Salesforce Discontinues Einstein Voice Assistant and Einstein Voice Skills

Salesforce Discontinues Einstein Voice Assistant and Einstein Voice Skills

Salesforce unceremoniously discontinued its Einstein Voice Assistant and its companion Einstein Voice Skills app builder in a Summer ’20 Release note last month. The voice tools were the major technology attraction at Dreamforce last year, but they never made it out of beta.

The underlying Einstein Voice technology, however, remains very much alive and well. Salesforce will deploy it more deeply into the Salesforce platform to enhance AI-enabled sales and customer service conversational analysis, problem-solving, and coaching tools. It will also find its way into the emerging Salesforce Anywhere app, which “will include voice functionality in a new reimagined way to increase remote productivity, ease of use, and collaboration,” a Salesforce spokesperson said.
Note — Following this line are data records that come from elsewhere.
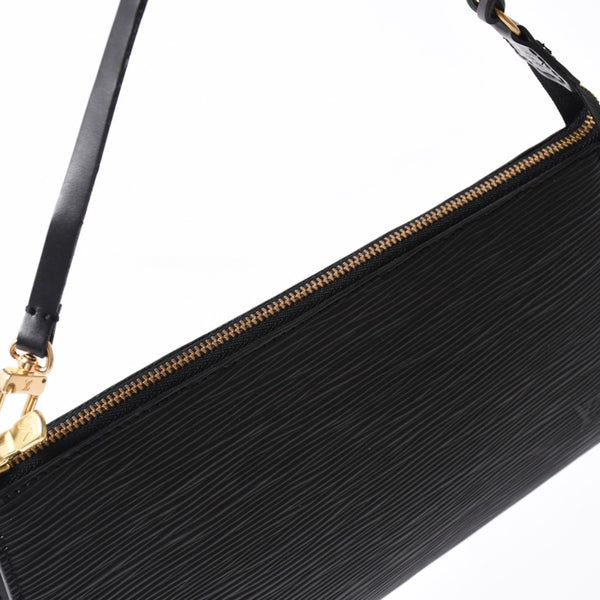 極美品 LOUIS VUITTON ルイヴィトン ポシェット アクセソワール アクセサリーポーチ M52942 エピ ブラック ゴールド金具 中古 4a004178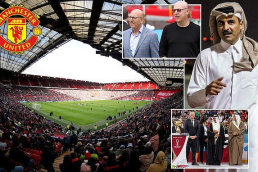 Manchester United stadium featuring collage images of potential buyers of the club after the glazers indicated that they are willing to sell the club.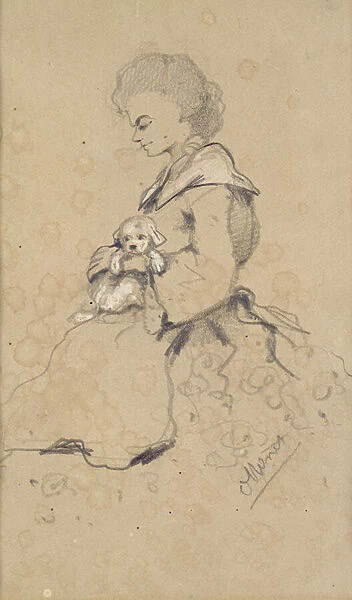 Women holding a small dog, 1857 (black & white chalk on paper)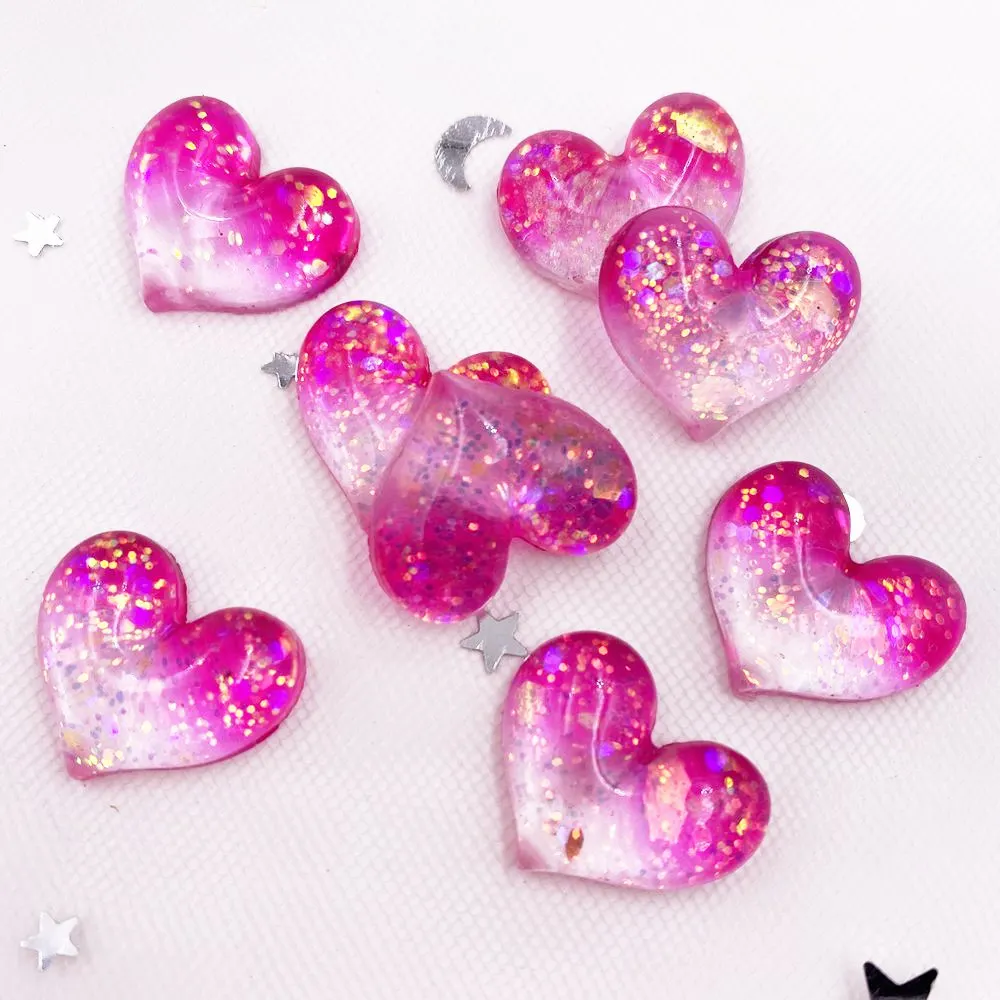 

Colorful Glitter Bepowder Resin Crystal Heart Flatback Rhinestone Scrapbook DIY Christma Home Figurines Craft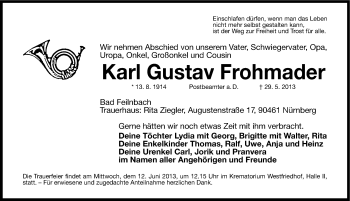 Traueranzeige von Karl Gustav Frohmader von Gesamtausgabe Nürnberger Nachrichten/ Nürnberger Ztg.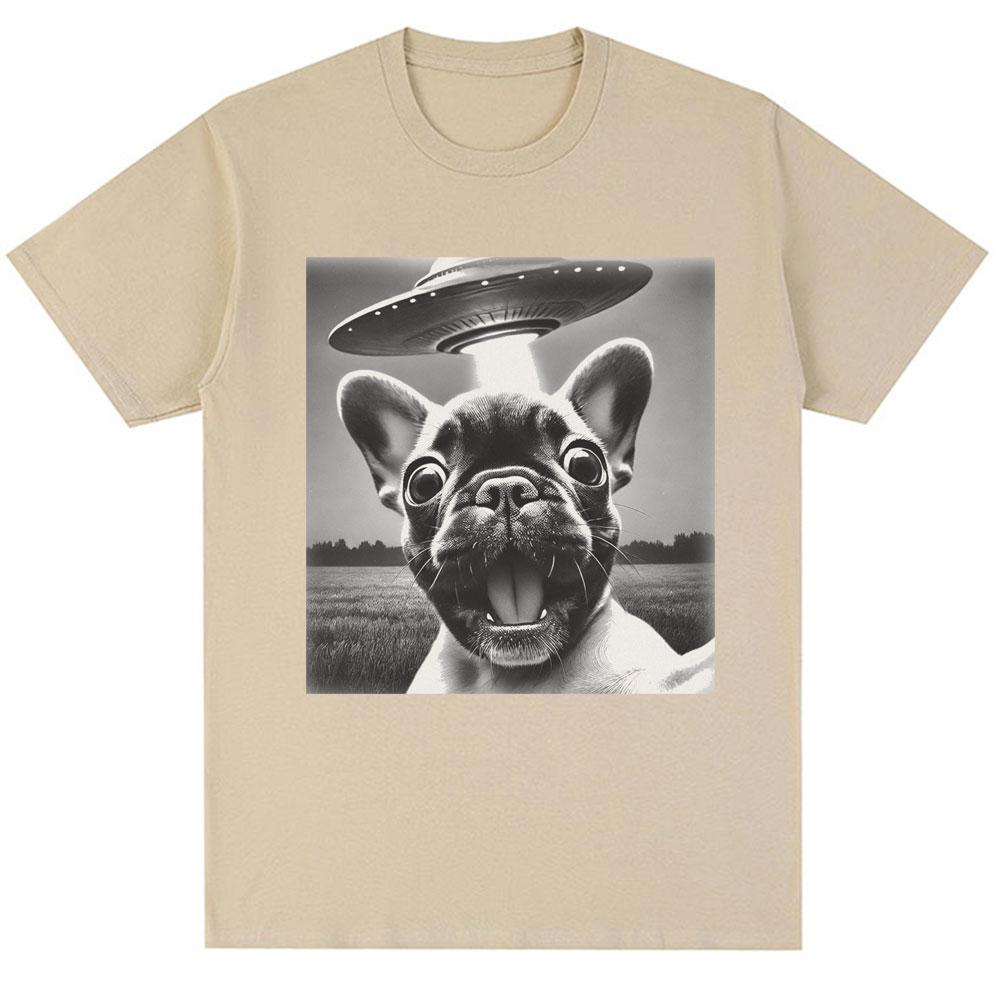 Francouzský buldoček UFO Vtipný meme Grafické tričko Vintage móda Muži Ženy Krátký rukáv Nadměrná velikost Bavlna Letní trička Streetwear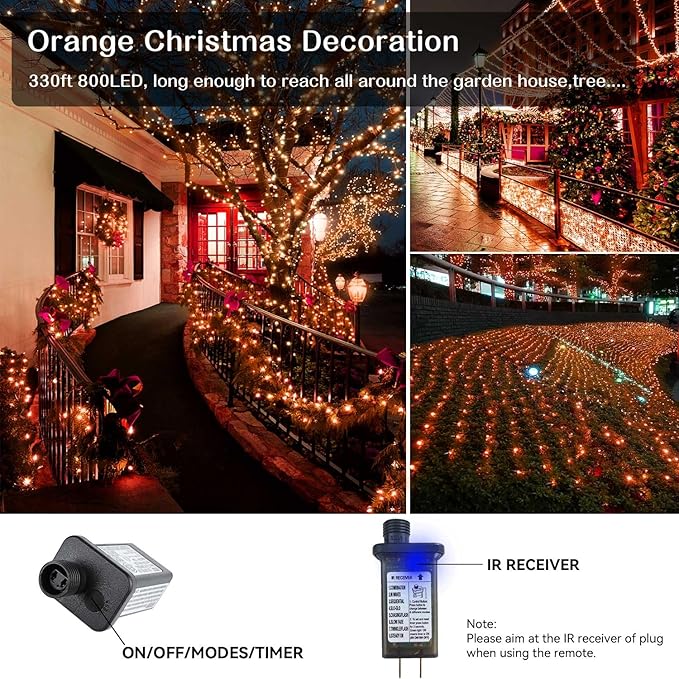 Orange Halloween Lights, 800LED 330FT Orange String Lights 8 Modes Timer Plug in Waterproof Indoor Outdoor Orange Christmas Lights for Halloween Christmas Garden Party Decoration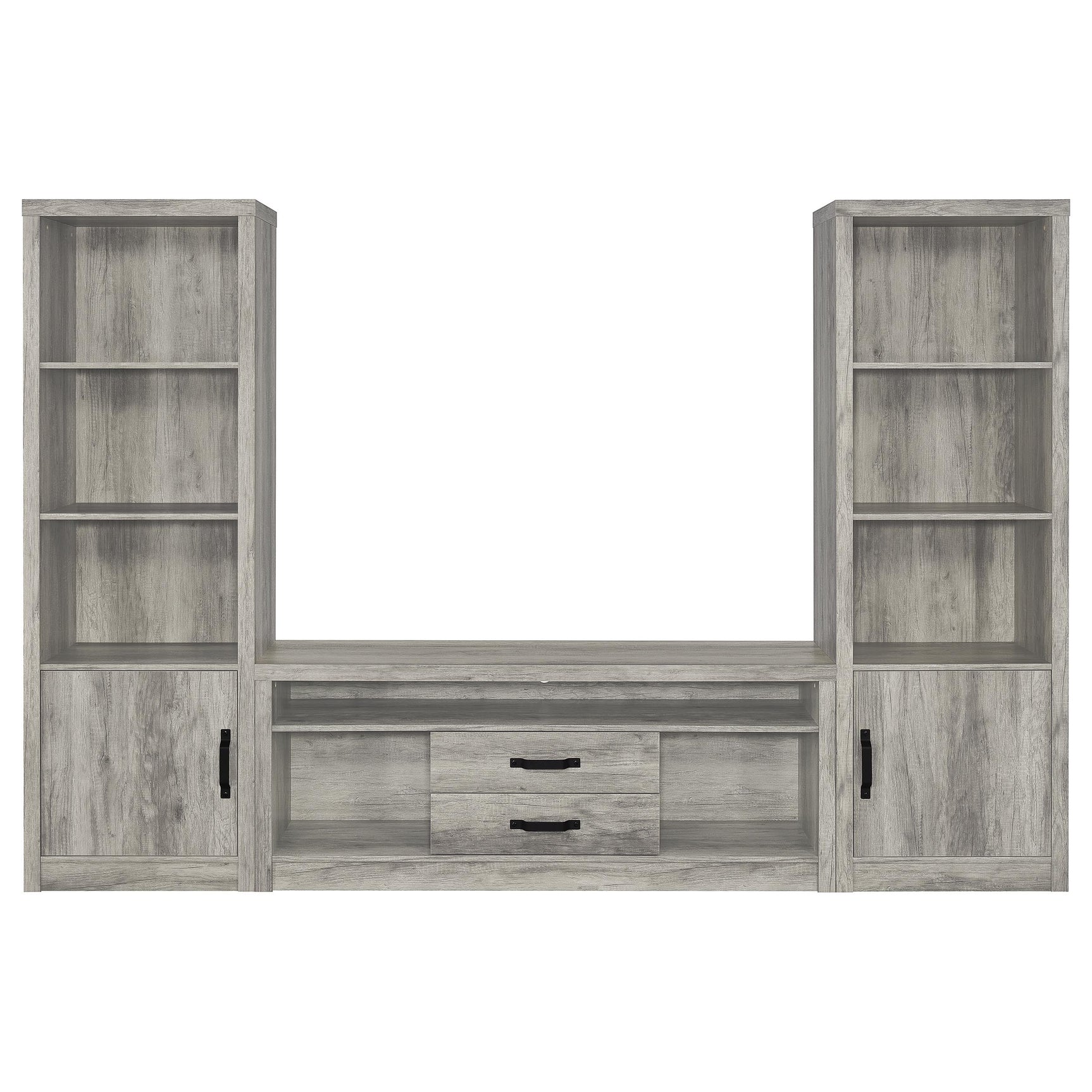 Burke 3-piece 59-inch TV Entertainment Center Grey Driftwood - Tampa Furniture Outlet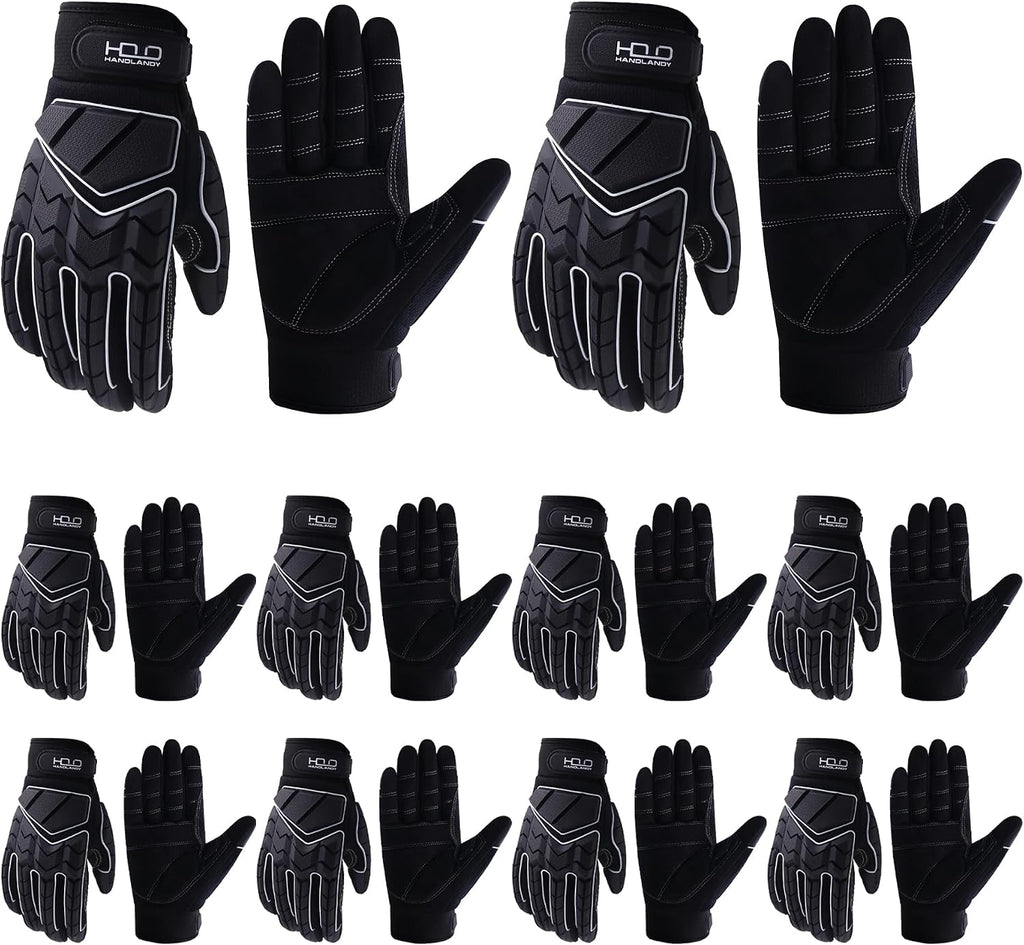 HANDLANDY HLDD Heavy Duty Work Gloves, TPR Protector Impact Gloves, Men Anti Vibration Mechanic Work Glove TouchScreen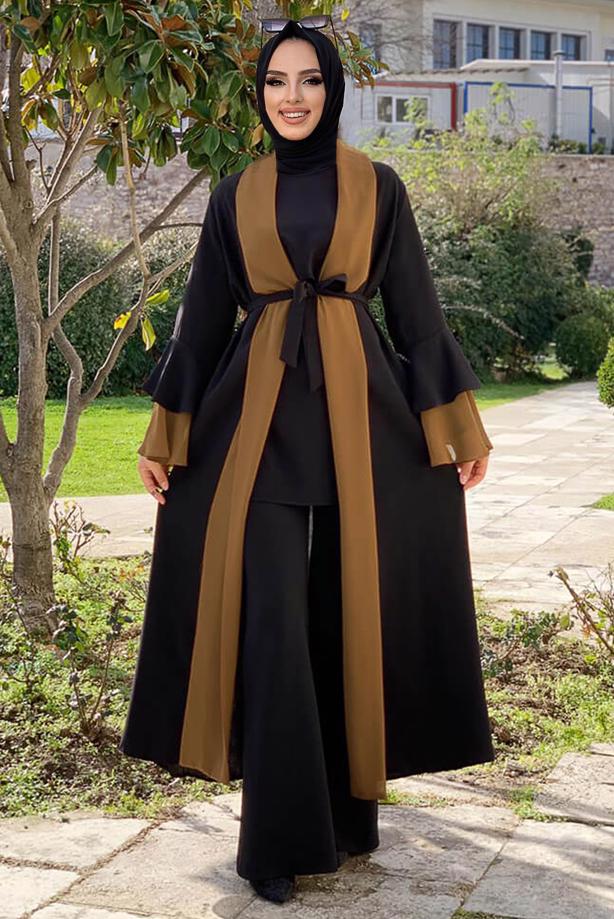 Vêtements hijab NOIR CAPE BICOLORE AVEC CEINTURE 9567 - TRENDTESETTÜR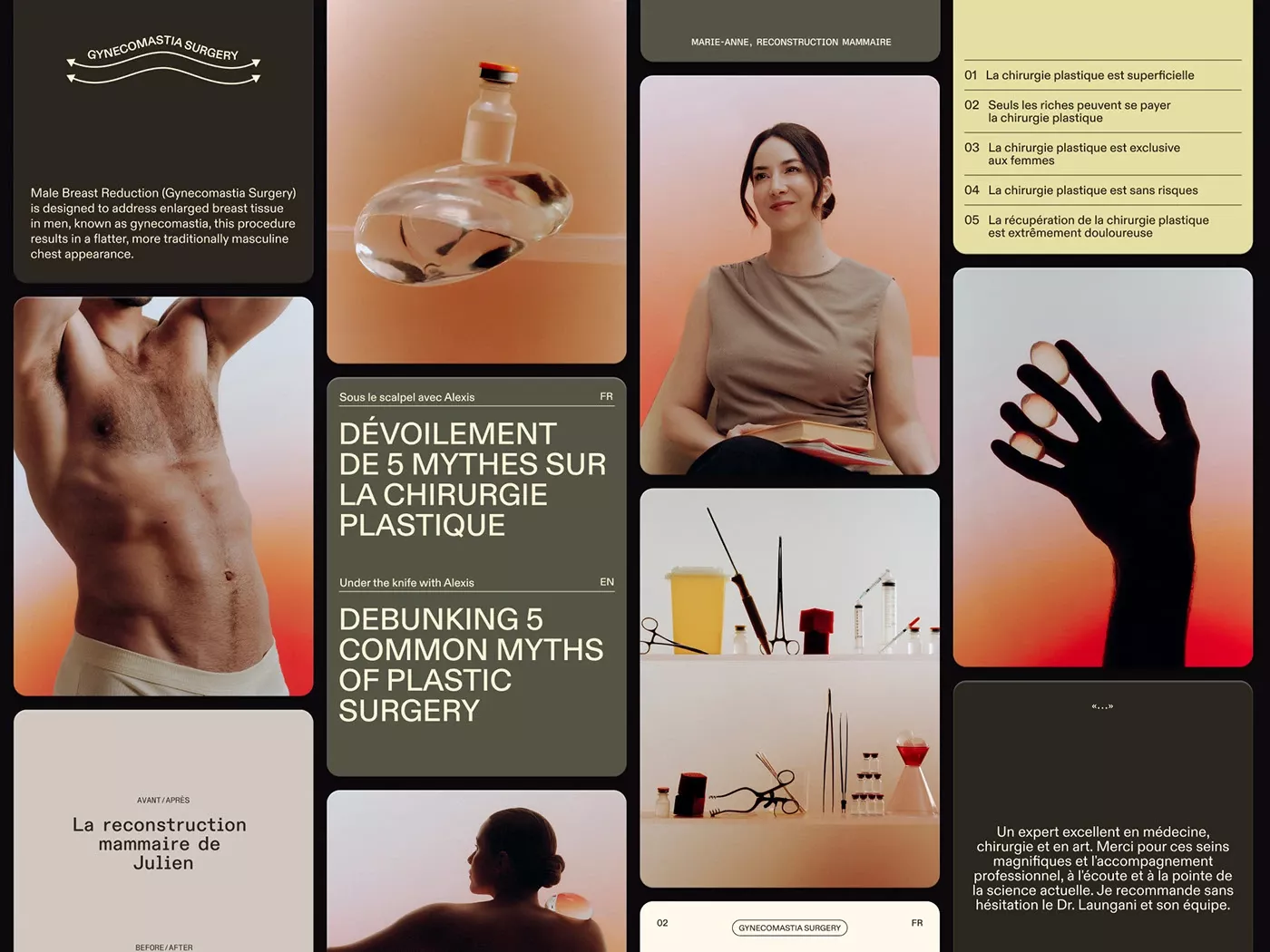 The image is a grid layout featuring professional, clean imagery related to cosmetic or reconstructive surgery. The design uses soft lighting and muted tones to convey trust, expertise, and medical precision.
Because Einstein Voice Assistant had a shallow user interface that served only as a conversational skin for existing applications, it wasn’t too surprising that Salesforce pulled the plug on it, Opus Research analyst Dan Miller said. Speech recognition that’s accurate — and text-to-speech responses that are humanlike — are features now commonly available from many sources.

They don’t want to seem like they’re abandoning the conversational user interface, because they’re not,” Miller said. “They just realized it’s kind of a commodity to have your phone have a virtual assistant on it, and there’s more bang to the buck if they focus more on resources in the guts of their cloud.

Deep integrations with the Amazon Connect cloud contact center as a service (CCaaS) platform show that Salesforce thinks that voice technologies have a future assisting customer service agents in the field and in contact centers, Miller said. Voice tools will help agents efficiently find answers to customer problems and prompt them with information. He said he believes that Salesforce is leaning toward Amazon as a preferred CCaaS partner, with more voice integrations to come.

About-face from Dreamforce 2019

That said, discontinuing Einstein Voice Assistant was a swift reversal of the typical Salesforce approach of marketing innovation for 18 months before its release and then bringing it to market with Salesforce users primed to enthusiastically adopt it.

Einstein Voice Assistant was first previewed at Dreamforce in November 2018. At last November’s Dreamforce, Salesforce placed not-for-sale mockups of Amazon Alexa-compatible smart speakers outfitted to look like Einstein — whose hair lit up when activated — to show one potential use case for the assistant. Others eventually would include Apple Siri and Google Assistant integrations through smartphones and smart speakers.

The voice interface was to be an onramp to AI tools deep in the Salesforce platform, such as Einstein Forecasting. Michael Machado, vice president of product management at Salesforce, demonstrated it to media along with Salesforce president and COO Bret Taylor prior to Dreamforce.

At the time, they intimated that Salesforce was pursuing an overall voice technology strategy that would make Einstein Voice tools the business equivalent of consumer smart speaker assistants. But there was a long development road ahead, Taylor said, because parsing business data is a lot more complicated than playing a song request or other simple tasks voice assistants commonly perform in the home.

When I look at the way we run our business at Salesforce, we always like to say Einstein has a seat at the table,” Taylor told media prior to Dreamforce last year. “So, when we’re making a decision, it’s not just about going around the table and asking people their opinion — we can actually ask Einstein what it thinks. Having data-informed guidance enables us to make important decisions.

Some of that strategy remains intact, despite the cancellation of Einstein Voice Assistant. AI-powered voice tools that analyze sales conversations to coach reps on how to close sales will ultimately prove more valuable to Salesforce users, as will tools that listen into customer service conversations and suggest answers as they detect certain keywords, according to Opus’ Miller.

Einstein Voice Assistant as an app on a mobile phone was more like a parlor trick than a real personal assistant,” said Miller, who wrote an analysis of the potential directions Salesforce’s voice technology plans could take. “They weren’t going to get real return on their investment.